SPC matters uniquely in this environment because it does more than record that a product was made. It shows whether the manufacturing process was stable, monitored, and operating within acceptable limits at the time of production. Product lifecycle management (PLM) can define what should be made, and MES can record what was made, but SPC provides evidence that critical process characteristics were being controlled throughout production.
This level of traceability not only supports compliance but also improves operational performance. In the automotive industry, Digital Product Passport usage has reduced remanufacturing time by 39%, improving both efficiency and cost control.
Manufacturers Should Expect New Levels of Sustainability and Transparency
The traditional manufacturing model often loses visibility once a product leaves the loading dock, creating a gap between production and end-of-life. The DPP closes that gap by making product data accessible throughout the lifecycle.
This shift levels the playing field for organizations that prioritize environmental responsibility over marketing claims. Sustainability statements backed by auditable data allow customers and partners to make decisions based on facts rather than assumptions.
In practical terms, transparency will become a requirement rather than a differentiator. Durability, repairability, and material composition will need to be documented, verified, and easily accessible through digital records. Companies that adapt early will be better positioned to meet regulatory expectations and respond to increasing demand for sustainable products.
Prepare Now for What Comes Next
The Digital Product Passport represents a meaningful shift in how products are tracked, validated, and evaluated over time. As initial deadlines approach, the window to prepare is narrowing.

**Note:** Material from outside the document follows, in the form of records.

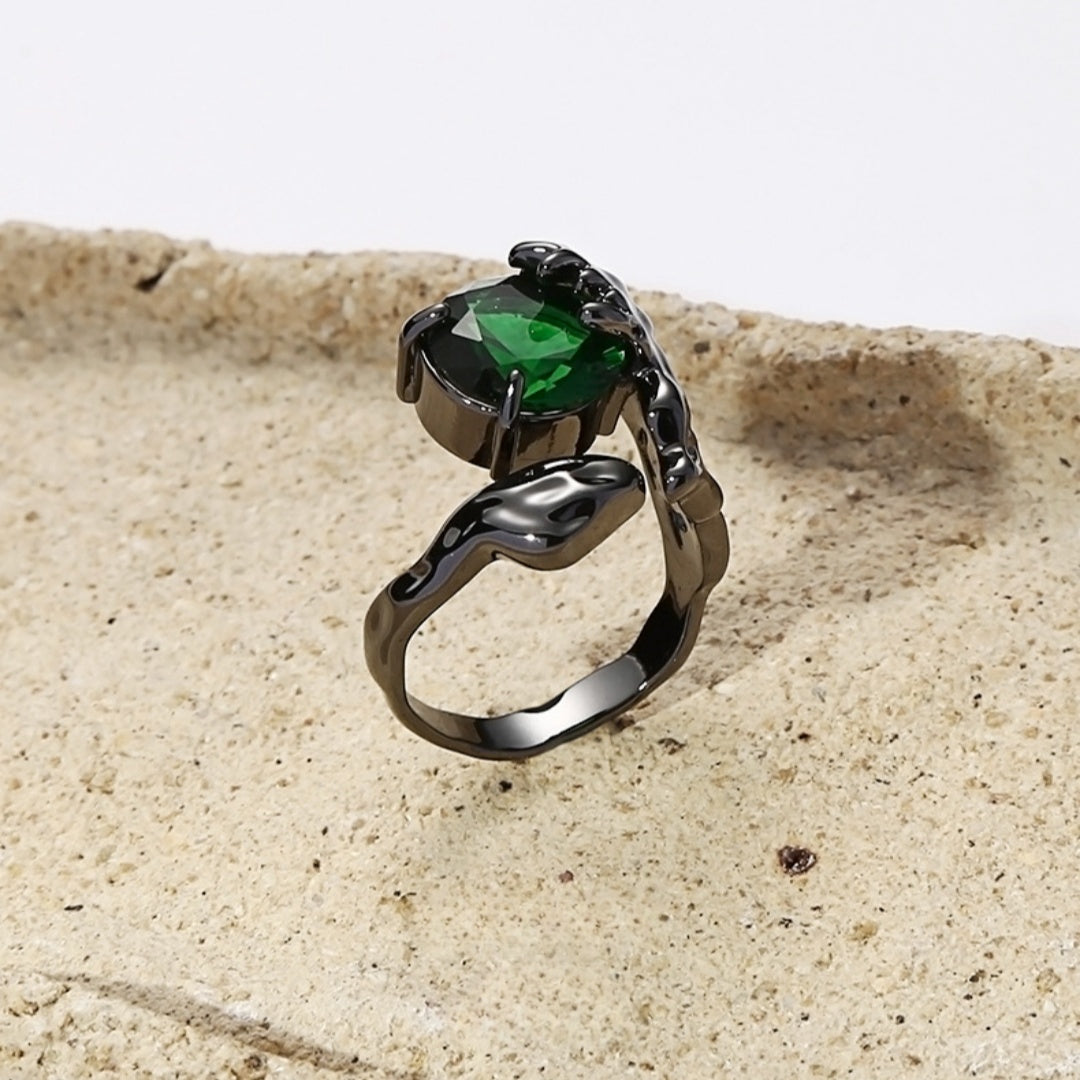 Gothic Dark Style Carved Green Open Ring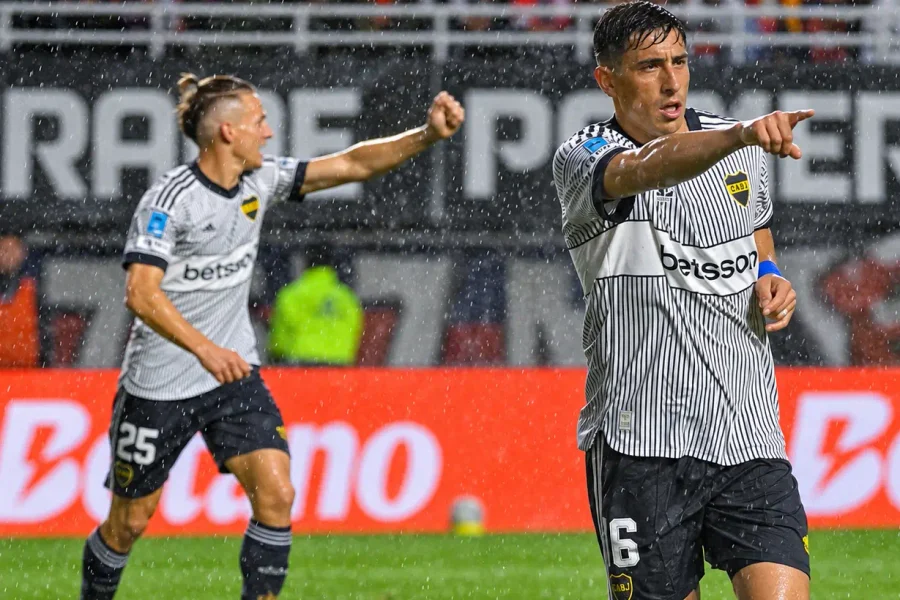 Boca venció 2-0 a San Lorenzo bajo la lluvia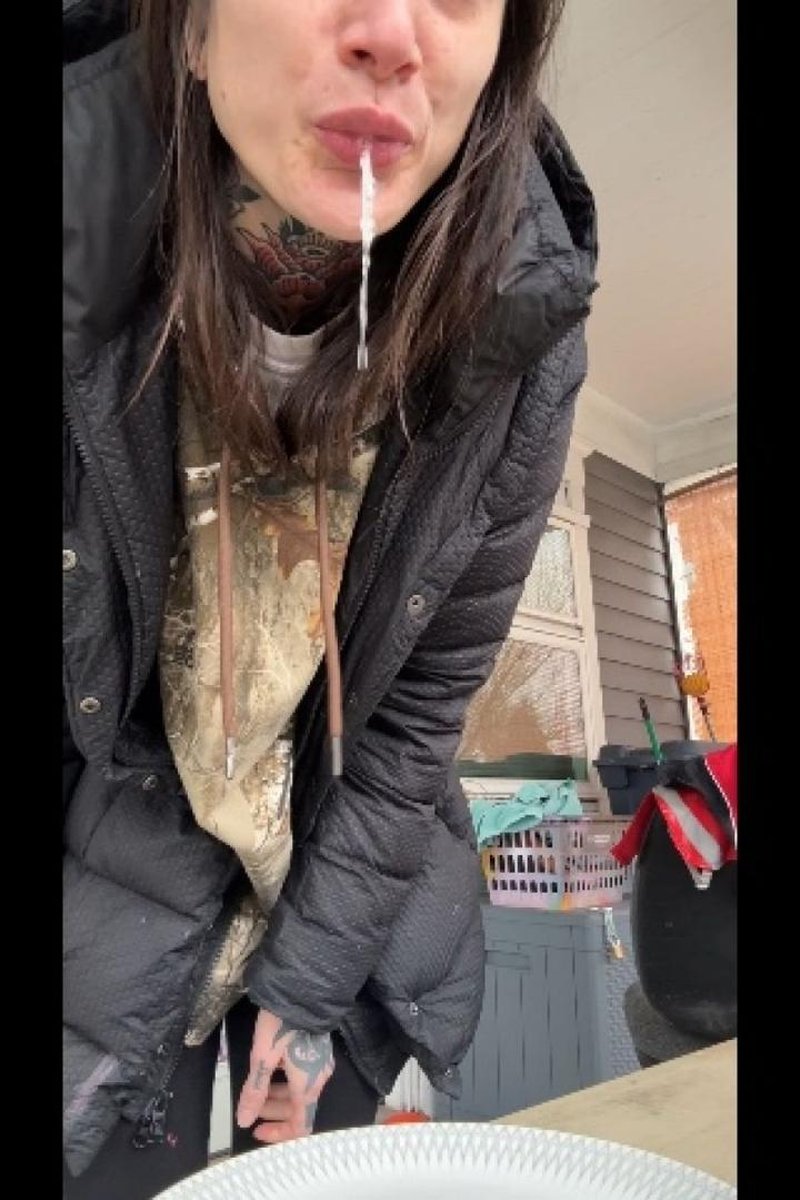 Phlegm Custom - Screenshot 1 of 4 - Coughing Fetish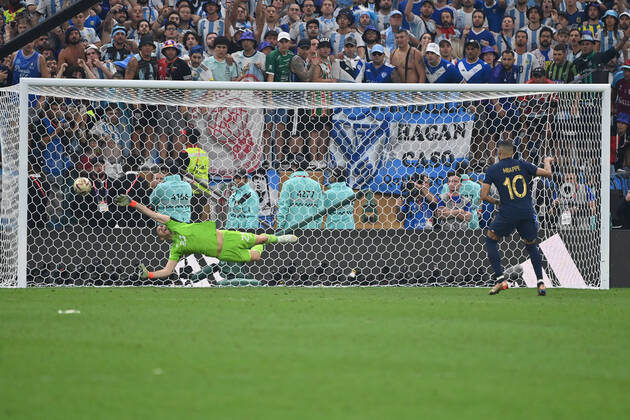 Penalty shootout, Kylian MBAPPE FRA converts penalty,penalty kick,action,goal shot against goalkeeper MARTINEZ Emiliano ARG , match 64,FINAL Argentina France 4 2 n E 3 3 on 18 12 2022, Lusail Stadium Football World Cup 20122 in Qatar from 20 11 18 12 2022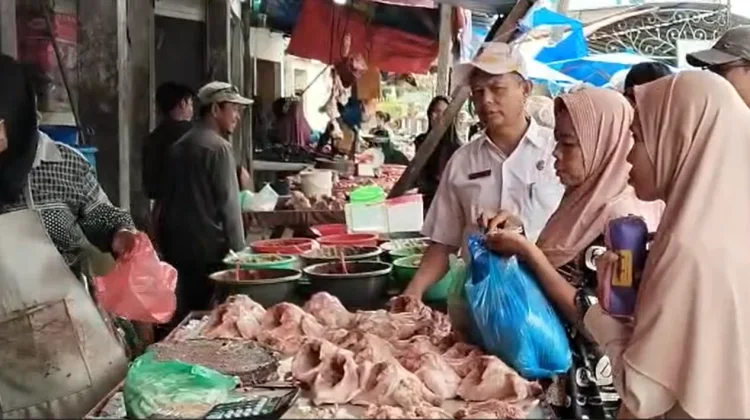 Jelang Lebaran, Harga Daging Ayam Turun dan Daging Sapi Stabil di Medan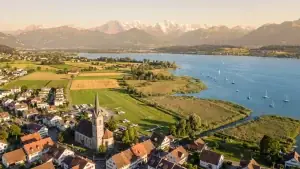 Wangen SZ und Nuolen am oberen Zürichsee mit Kirche und Seeufer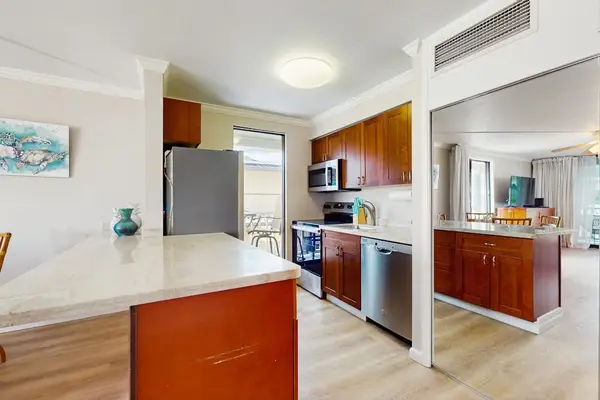 Fully Equipped Kitchen For Island Feasts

Quality and IT leaders should begin by identifying where critical product, process, and quality data reside today and where gaps exist. In many organizations, this data remains fragmented across systems. Teams should then map how product data flows across the lifecycle and determine what is required to create a complete Digital Product Passport record.
Organizations that act now will be better positioned to meet compliance requirements while gaining clearer visibility into their operations and product lifecycles.